One of the guys in my department, who is sadly leaving next week, regularly pulls out his acoustic guitar during the day and starts quietly playing in that kind of fingerpicking spanish guitar style, and he's amazingly talented... yesterday someone told him the tune he was playing reminded them of Super Mario and he immediately slipped easily into the actual Super Mario theme for the next five minutes.
Not since my last animation job, at Disney back in 2003, have I had such an immediate feeling of belonging. They think and operate in ways I understand and connect with. They overuse the word 'awesome'. They laugh at YouTube vids and shake fists at Michael Bay and wear Astro Boy t-shirts and make stupid in-jokes and geek out about upcoming films. Most of them went to the same university and did the same course as me and learned from the same teachers. These are my people. We're working on poker machines, not films or tv, but animators are animators no matter where you go.
The other happy surprise: Me being me, I put monumental amounts of pressure on myself. "Oh god, I hardly paint digitally at all, what if I can't pick it up fast enough?? Oh man, what if I'm too slow at this? What if my colour sense sucks too much? What if I'm too forward with my ideas? What if I'm not forward enough?"
From the night before I started, I began having work-stress dreams... which strangely enough are never ABOUT work. They're about other stressful things, it's only the timing that reveals the cause. For me, these are dreams which come when, and ONLY when, I'm working in a creative job. I didn't get them at all working at Fuze because that job didn't engage my creativity and I could count on it to be comparatively manageable and predictable.
On my first day, the other Graphic Artist there, Johnny, smiled at me and told me that it's a good job and I should approach it by just taking it easy and not stressing. He then added that when he started, he'd never digitally painted in Photoshop in his life. My relief was immense. Further relief came when I began to get an idea of the time allocated to the creation of artwork: here, the emphasis is not on speed, it's on perfection. The central idea is that we want to keep a player in front of the same poker machine as long as possible, so the illustrations and symbols on the reels must be clear, visually appealing and in no way annoying. The workflow / dealine system seems to be geared completely differently to that of anywhere I've worked in the past.
A system that puts emphasis on perfection over speed is perfect for me.
Let's see, what else is good... FREE FRUIT. That's excellent.

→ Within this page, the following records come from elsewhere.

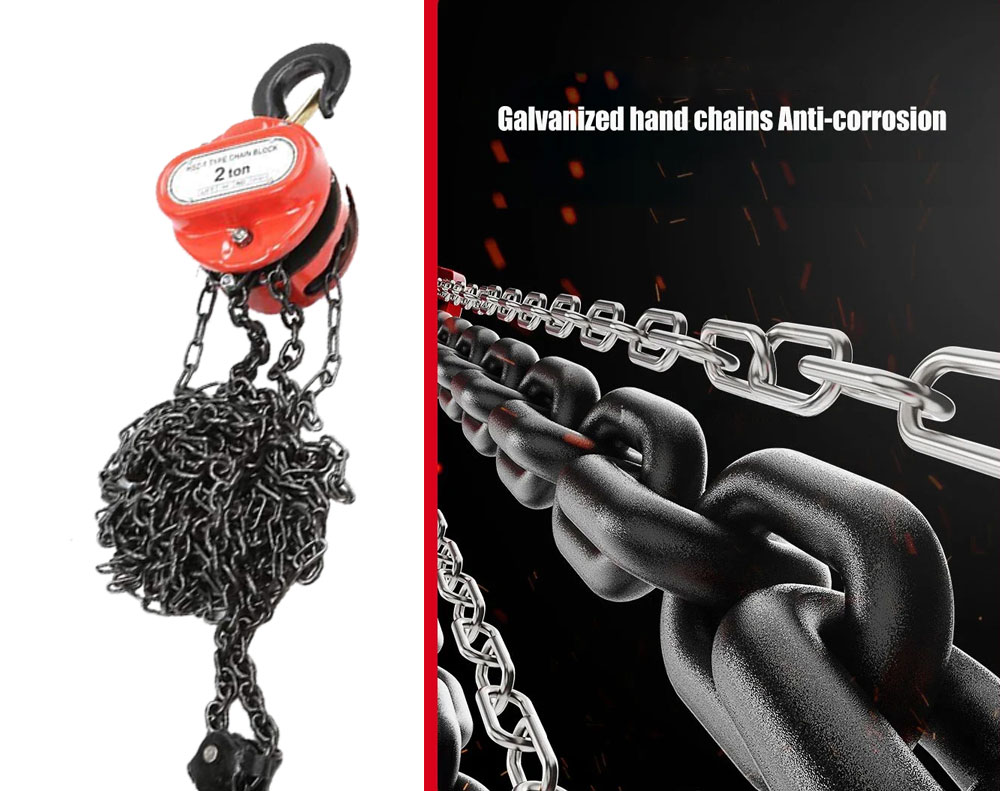 Chain Block Hoist 2Ton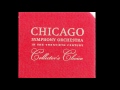 Tchaikovsky Symphony 4 - Fritz Reiner - Chicago Symphony Orchestra (1957)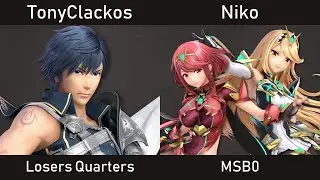 Monthly Smash Breizh 0 - TonyClackos (Chrom, Roy) vs Niko (Pyra/Mythra, Lucina) - Losers Quarters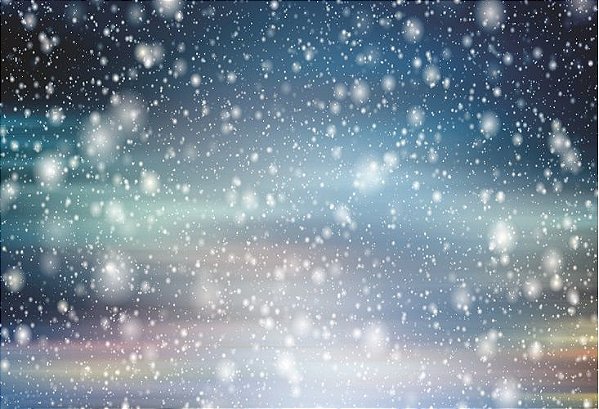 Fundo Fotográfico neve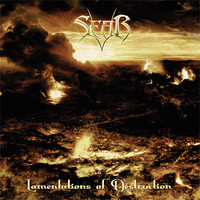 SEAR „Lamentations Of Destruction” - okładka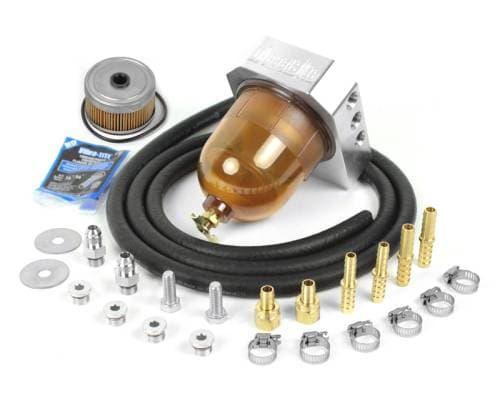 DieselSite Outboard Fuel Filter Water Separator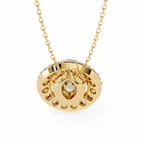 Silvia Solitaire Pendant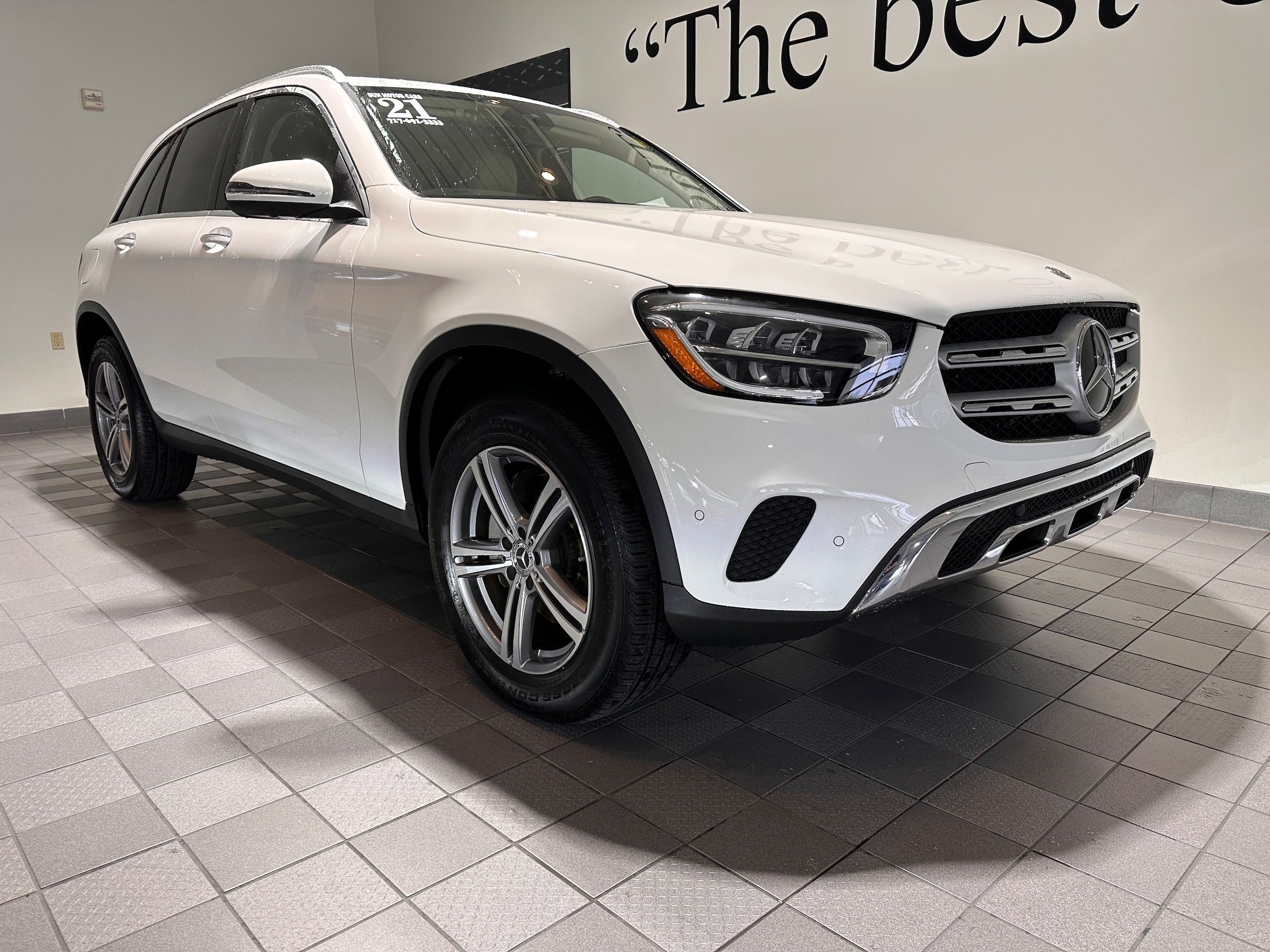 2021 Mercedes-Benz GLC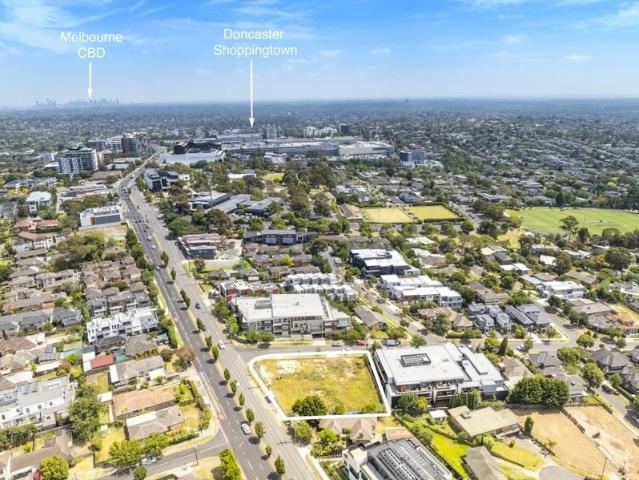 Prime Corner Development Opportunity in Doncaster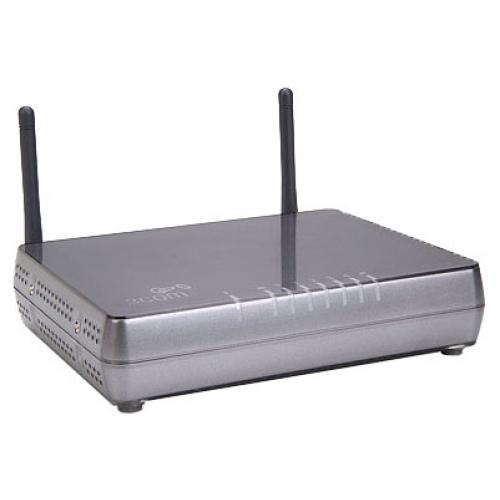 HP V110 ADSL-A Wireless-N Router (JE459A)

Free biscuits, chips, and sometimes-cheap, sometimes-free soft drinks and chocolate. There's a pet store next door that has kittens out the front. I pet them after work every day without fail, and watch with interest which ones have been sold and which ones are newbies.

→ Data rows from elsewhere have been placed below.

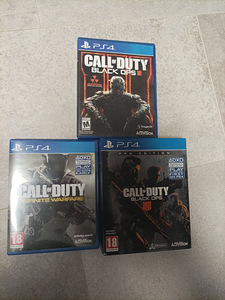 Call of Duty infinite warfare , black ops 3 , black ops 4 (1 foto / 1)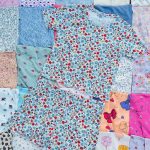 ست کراپ شورتک یقه گرد زارا عمده ( پک 6 عددی )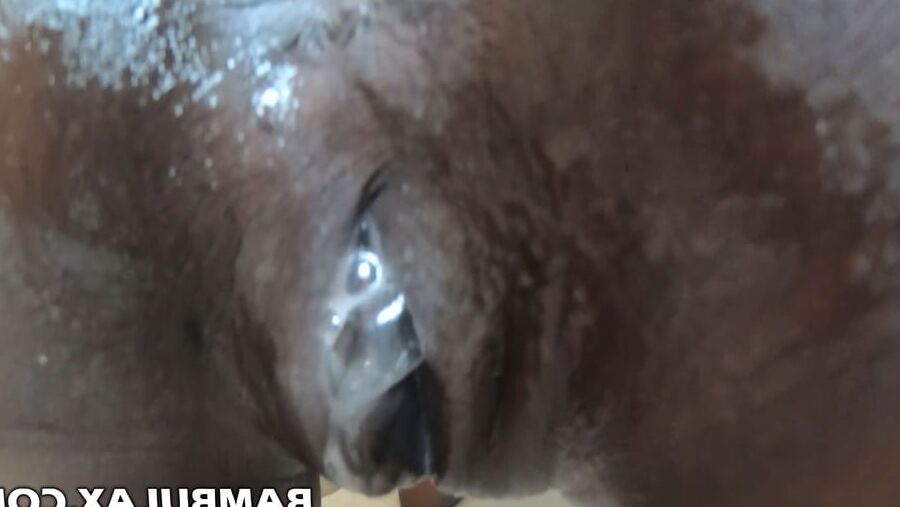 Ebony Teen Creampie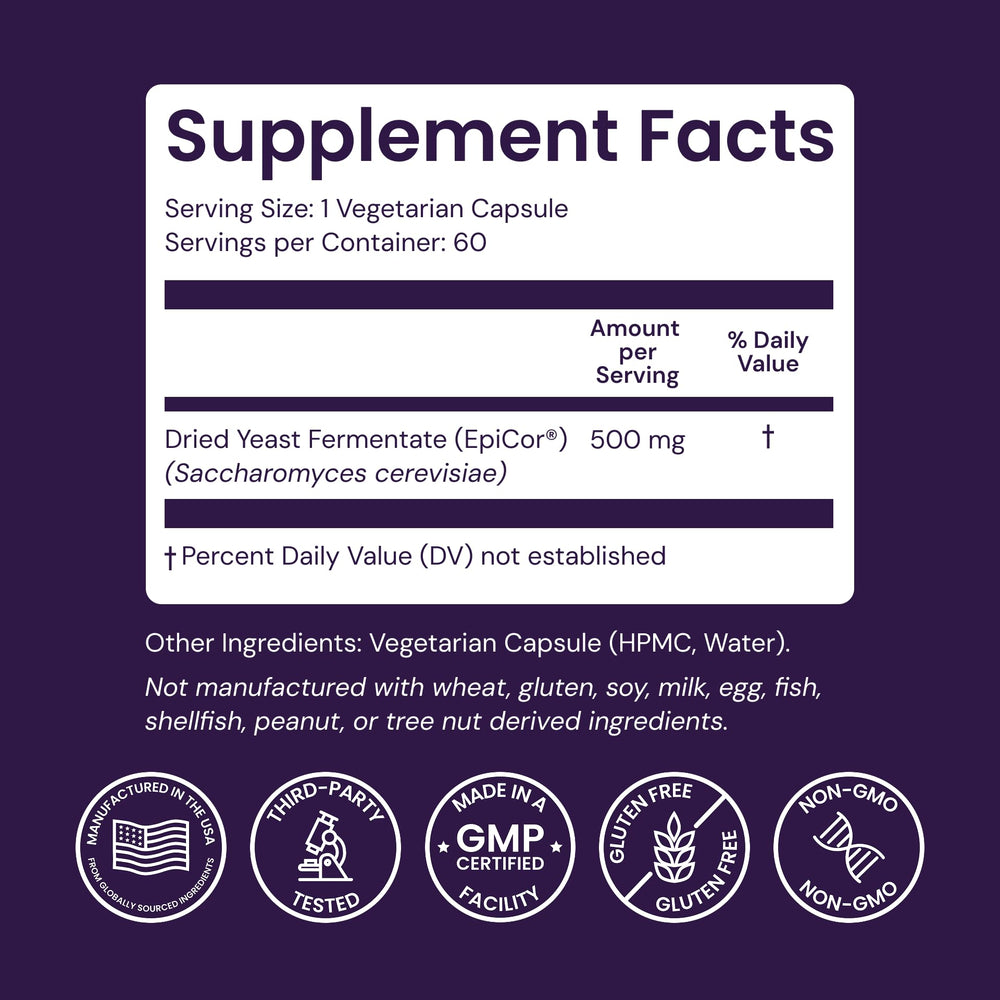 Healthy Origins cápsula en mano para comparar tamaño y dosificación
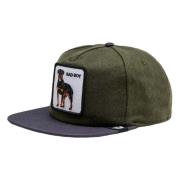 Top Dog Cap Goorin Bros , Green , Heren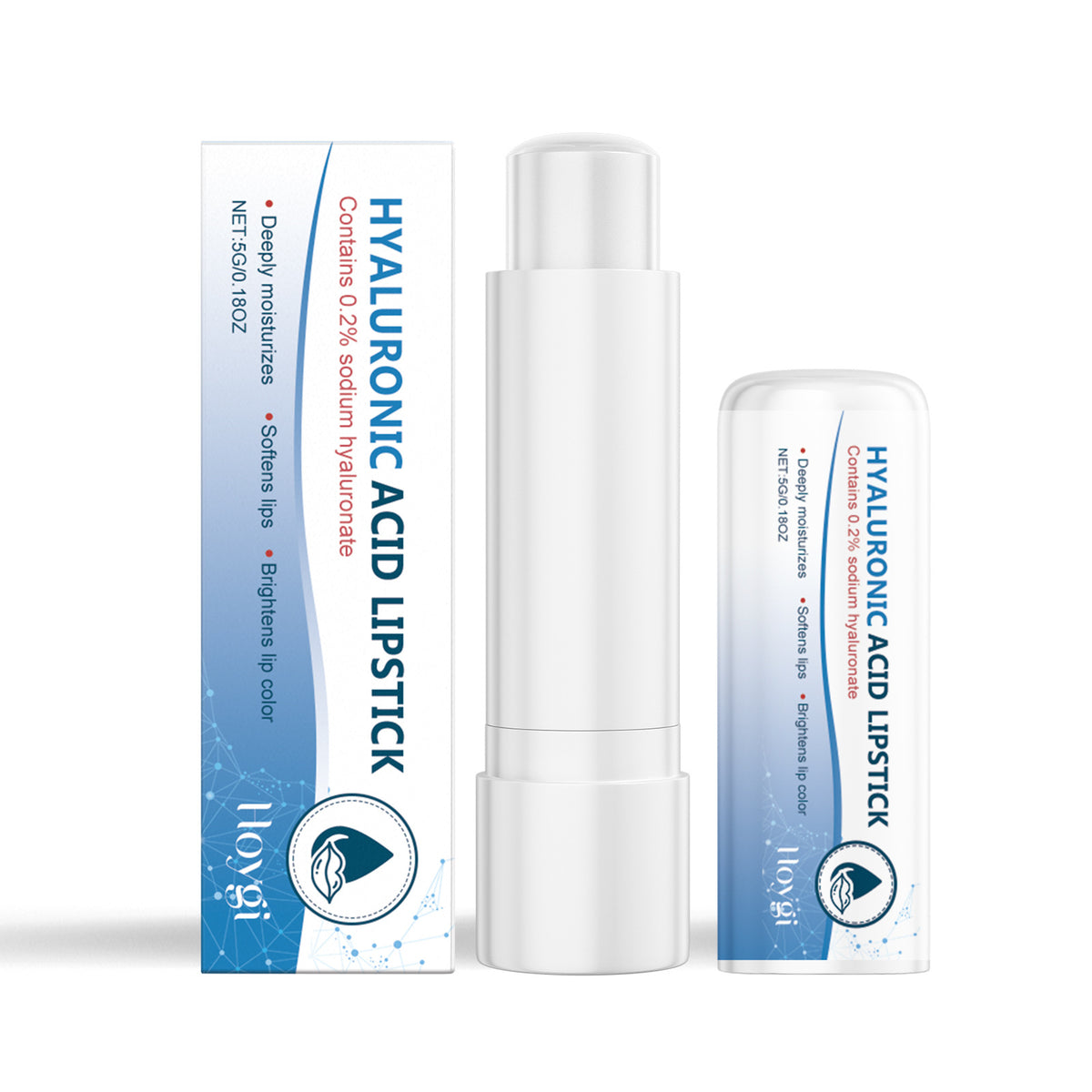 Hoygi Hyaluronic Acid Lipstick Care Gloss Moisturizing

The commute is great: ten minute walk to the West End Ferry terminal, five minute (incredibly relaxing) ferry trip, then a twenty minute uphill walk to work - good exercise without taking up too much time. Waiting on the dock in the morning, hearing the water lap at it and watching kayaks slip by in the river... I can feel the stress running off my body like water.
Work hours are flexi-time; I can start at any time between 7:30am and 10:00pm and finish anytime between 4pm and 6pm, providing I have worked 38 hours by the end of the week. Lunch is generally half an hour but subject to the 38-hour rule, we can take up to two hours if we need to. So far I'm falling into a pattern of starting at 7:30am, finishing at 4pm, and then finishing at lunchtime on Fridays (which pretty much everyone there does).
Oh yeah, and next week I'm apparently being taken out for a research trip, spending a day at a club somewhere, playing poker machines with the company's money. Hee. Sadly, I think this makes any winnings I may amass the company's winnings. ;)
In conclusion: I am cautiously optimistic.